Freddie Gray did not come up when governor O’Malley and the attendant scrum moved inside the diner—which, it’s worth pointing out for fans of Joan Didion’s Political Fictions, happened to have blue and white tiles lining the floor beneath red benches. Though the demise of Mr. Gray, and the protests it sparked in Maryland’s largest city, certainly had been raised in interviews leading up to the Goldenrod stop.
In an interview with The Atlantic’s James Fallows on May 5, O’Malley said, “The conversation was much larger than just crime.” In his announcement, he said, “The scourge of hopelessness that happened to ignite [in Baltimore] that evening transcends race or geography.” (And, also: one noteworthy line that stood out in his announcement that didn’t necessarily get traction—the statement regarding the fact that a GM employee could once send their kid to college on two weeks’ worth of wages.)
In a follow-up interview with New York magazine, O’Malley said, “We never encouraged aggressive policing. In fact, we emphatically discouraged aggressive policing. What we did do was encourage more assertive and more proactive policing.” And the night before O’Malley’s Sunday visit, The Washington Post released a report suggesting that nearly 400 people in the US have been fatally shot by police so far this year.

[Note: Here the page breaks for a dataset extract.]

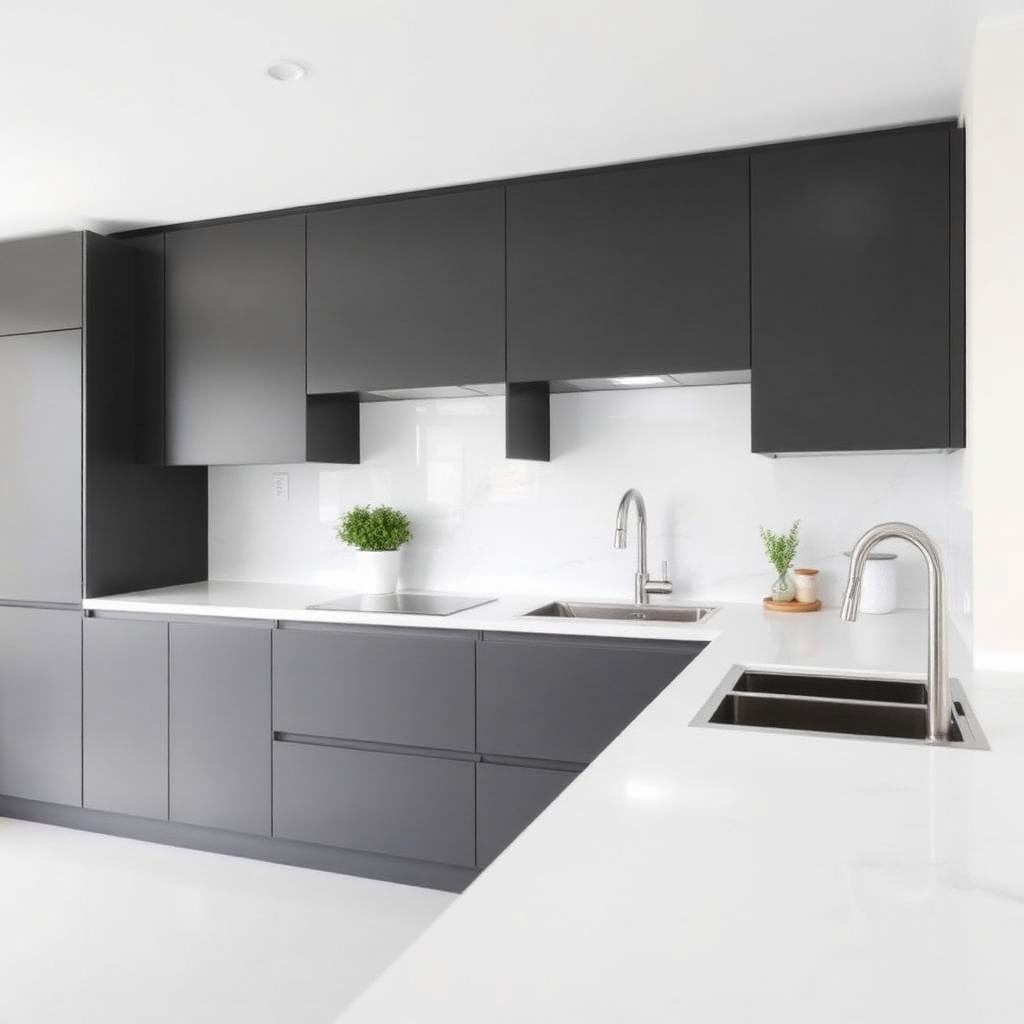 Flat-panel charcoal with pure white quartz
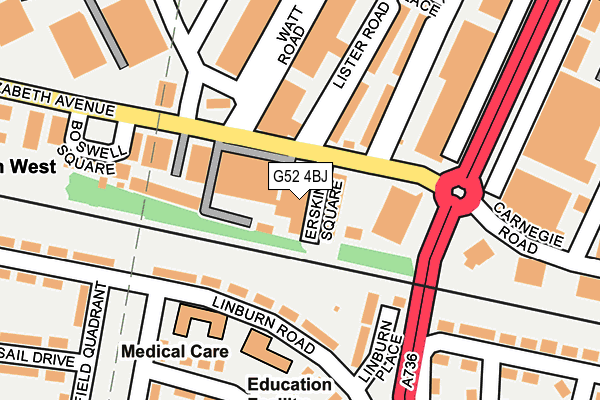 G52 4BJ map - OS OpenMap – Local (Ordnance Survey)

Given that, it’s also worth noting that David Simon has beenparticularly vocal over the past month, crediting O’Malley with initially taking proactive steps to lower crime in Baltimore. Then again, 2005 was a year, which saw one sixth of the city’s population arrested (approximately 100,000 people), a lawsuit filed by the NAACP and the ACLU, and a one-year plunge in aggravated assault statistics by 25% while overall homicide rates sustained. Several felonies found themselves reduced to misdemeanors. “The city council actually passed an ordinance that declared a certain amount of real estate to be drug-free zones,” Simon told Bill Keller of The Marshall Project, adding that, “the drug war was as much a function of class and social control as it was of racism.”
And what makes the above answers interesting in relation to those kinds of statistics (in conjunction with D. Watkins’s searing op-ed in The New York Times or Ta-Nehisi Coates’s post regarding rioting, violence, and non-violence) is that O’Malley doesn’t necessarily seem “un-cognizant” of the matter. When speaking with Fallows, O’Malley referenced a video of the police shooting of Walter Scott in North Carolina and how its dissemination led to a charge being filed against the officer in question.

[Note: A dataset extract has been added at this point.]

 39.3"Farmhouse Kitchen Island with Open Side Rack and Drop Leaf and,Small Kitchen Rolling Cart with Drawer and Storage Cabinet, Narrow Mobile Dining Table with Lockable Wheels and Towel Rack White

“Would that have happened ten years ago?” Fallows asked. “An era before video cams? Do you think that officer would have been charged?”
“I don’t know,” O’Malley said.
And, also, given how the Obama administration has been reaching out to mayors over the past few years, it would be interesting to imagine a former mayor in office (Grover Cleveland and Calvin Coolidge being the previous two.) Matteo Renzi, former Mayor of Florence, is currently Prime Minister of Italy. Benjamin Barber once went around telling people about why mayors should rule the world.

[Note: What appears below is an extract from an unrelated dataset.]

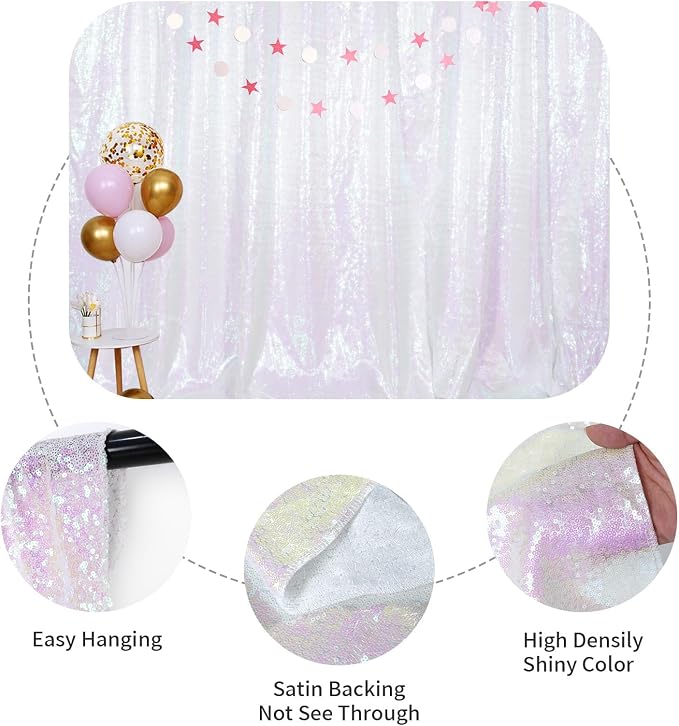 SquarePie 8x8ft Iridescent Sequin Backdrop, High Density Non-Transparent Glitter Curtain for Photography, Birthday, Wedding Party Decorations, Thick Solid Background with 4" Rod Pocket, 1 Panel - Image 8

So far, however, the campaign has kicked off no differently than countless others before it, with a plethora folksy phraseologies and down-home appeals. (“And with those words, the American Dream began,” being a stand-out, hair-raising example from O’Malley.)
“My sense,” the governor said, “is that we’re already picking up steam. This campaign is about 24 hours old. The phrases I hear everyone I go,” he said, reiterating “new leadership” and “getting things done.”
Your correspondent wondered what O’Malley thought would constitute adequate oversight of the 1033 program, why some ex-De Blasio people have gone to work for him, what he thinks of the current cybersecurity landscape, mine owner scofflaws, what’s currently not being measured that the data-fond politician wants to see measured, the difference between early childhood education and “the cradle-to-K” education program Betsy Hodges of Minneapolis is seeking to implement, white papers drawn up by coastal cities with regard to climate change (could he imagine visiting a Boston with canals?), and his impression of the way in which power is structured in Russia, Turkey, Egypt, and elsewhere (this, as of this writing, being one of the latest displays from Erdogan.) So far, he’s called for the reintroduction of Glass-Steagall. He’s called for more spending. He’s emphasized the difference between a “cadence of accountability” versus governing by crisis.
“Last question!” a campaign handler called out. “You endorsed Hillary Clinton in 2008,” a reporter said invitingly. “I did,” the Governor replied. “Hillary was the best candidate for those times, but times change.”